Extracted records
-*-

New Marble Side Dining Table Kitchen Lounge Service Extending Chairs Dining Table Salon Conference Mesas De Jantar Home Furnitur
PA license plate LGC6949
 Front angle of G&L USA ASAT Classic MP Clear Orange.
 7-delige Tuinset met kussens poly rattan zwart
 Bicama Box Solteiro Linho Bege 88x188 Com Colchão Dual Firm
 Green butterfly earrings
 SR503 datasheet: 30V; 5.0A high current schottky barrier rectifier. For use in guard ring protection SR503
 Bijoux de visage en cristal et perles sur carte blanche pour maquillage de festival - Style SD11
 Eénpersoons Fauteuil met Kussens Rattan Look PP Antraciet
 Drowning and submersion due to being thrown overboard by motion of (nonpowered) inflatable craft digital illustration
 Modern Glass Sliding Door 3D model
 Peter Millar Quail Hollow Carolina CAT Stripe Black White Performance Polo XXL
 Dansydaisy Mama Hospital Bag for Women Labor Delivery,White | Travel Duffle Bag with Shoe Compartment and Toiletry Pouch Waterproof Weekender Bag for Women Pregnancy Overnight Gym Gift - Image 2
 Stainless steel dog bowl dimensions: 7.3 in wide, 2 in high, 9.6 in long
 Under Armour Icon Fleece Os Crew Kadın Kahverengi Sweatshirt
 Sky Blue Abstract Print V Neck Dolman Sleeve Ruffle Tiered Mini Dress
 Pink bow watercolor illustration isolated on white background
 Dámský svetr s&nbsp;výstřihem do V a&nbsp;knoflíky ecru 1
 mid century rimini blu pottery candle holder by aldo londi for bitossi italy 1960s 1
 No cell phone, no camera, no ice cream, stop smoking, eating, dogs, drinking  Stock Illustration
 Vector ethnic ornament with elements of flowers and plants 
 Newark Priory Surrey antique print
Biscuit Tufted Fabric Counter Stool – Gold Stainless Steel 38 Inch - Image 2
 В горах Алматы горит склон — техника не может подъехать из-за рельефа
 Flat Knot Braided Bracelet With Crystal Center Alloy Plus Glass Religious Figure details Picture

-*-

WORK REQUEST =>
Set down, from the entries above, exactly the lines from the one with "Green butterfly earrings" up to and including the one with "Peter Millar Quail", and no other lines.

RESPONSE BELOW =>
 Green butterfly earrings
 SR503 datasheet: 30V; 5.0A high current schottky barrier rectifier. For use in guard ring protection SR503
 Bijoux de visage en cristal et perles sur carte blanche pour maquillage de festival - Style SD11
 Eénpersoons Fauteuil met Kussens Rattan Look PP Antraciet
 Drowning and submersion due to being thrown overboard by motion of (nonpowered) inflatable craft digital illustration
 Modern Glass Sliding Door 3D model
 Peter Millar Quail Hollow Carolina CAT Stripe Black White Performance Polo XXL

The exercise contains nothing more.